--- PROVIDED DATA Enclosed Below ---

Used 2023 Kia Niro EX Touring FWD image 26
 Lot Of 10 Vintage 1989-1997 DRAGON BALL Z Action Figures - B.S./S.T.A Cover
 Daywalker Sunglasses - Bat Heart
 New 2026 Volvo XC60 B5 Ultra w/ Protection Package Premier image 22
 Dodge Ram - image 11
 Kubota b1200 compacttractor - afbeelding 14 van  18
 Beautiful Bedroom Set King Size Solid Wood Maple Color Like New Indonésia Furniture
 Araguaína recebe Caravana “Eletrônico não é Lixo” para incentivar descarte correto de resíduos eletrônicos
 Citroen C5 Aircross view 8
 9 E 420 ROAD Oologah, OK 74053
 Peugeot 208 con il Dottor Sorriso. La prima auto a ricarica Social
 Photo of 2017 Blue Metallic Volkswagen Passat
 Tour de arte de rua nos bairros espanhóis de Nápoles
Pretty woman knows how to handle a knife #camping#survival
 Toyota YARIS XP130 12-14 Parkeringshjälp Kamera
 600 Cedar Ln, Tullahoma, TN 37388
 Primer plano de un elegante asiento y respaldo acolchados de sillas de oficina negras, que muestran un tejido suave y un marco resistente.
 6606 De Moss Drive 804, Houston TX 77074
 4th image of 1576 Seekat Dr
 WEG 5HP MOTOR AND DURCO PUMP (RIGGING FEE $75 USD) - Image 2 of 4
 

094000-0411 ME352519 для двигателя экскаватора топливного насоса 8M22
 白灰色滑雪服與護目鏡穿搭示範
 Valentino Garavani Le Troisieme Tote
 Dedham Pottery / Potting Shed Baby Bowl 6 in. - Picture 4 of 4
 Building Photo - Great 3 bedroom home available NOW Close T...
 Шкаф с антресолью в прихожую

--- End of Enclosed PROVIDED DATA ---

→ **ACTION ITEM**:
Extract, please, the lines from the start of the entries above through the one with "Pretty woman knows", both included, reproducing each exactly and adding nothing.

→ **ANSWER**:
Used 2023 Kia Niro EX Touring FWD image 26
 Lot Of 10 Vintage 1989-1997 DRAGON BALL Z Action Figures - B.S./S.T.A Cover
 Daywalker Sunglasses - Bat Heart
 New 2026 Volvo XC60 B5 Ultra w/ Protection Package Premier image 22
 Dodge Ram - image 11
 Kubota b1200 compacttractor - afbeelding 14 van  18
 Beautiful Bedroom Set King Size Solid Wood Maple Color Like New Indonésia Furniture
 Araguaína recebe Caravana “Eletrônico não é Lixo” para incentivar descarte correto de resíduos eletrônicos
 Citroen C5 Aircross view 8
 9 E 420 ROAD Oologah, OK 74053
 Peugeot 208 con il Dottor Sorriso. La prima auto a ricarica Social
 Photo of 2017 Blue Metallic Volkswagen Passat
 Tour de arte de rua nos bairros espanhóis de Nápoles
Pretty woman knows how to handle a knife #camping#survival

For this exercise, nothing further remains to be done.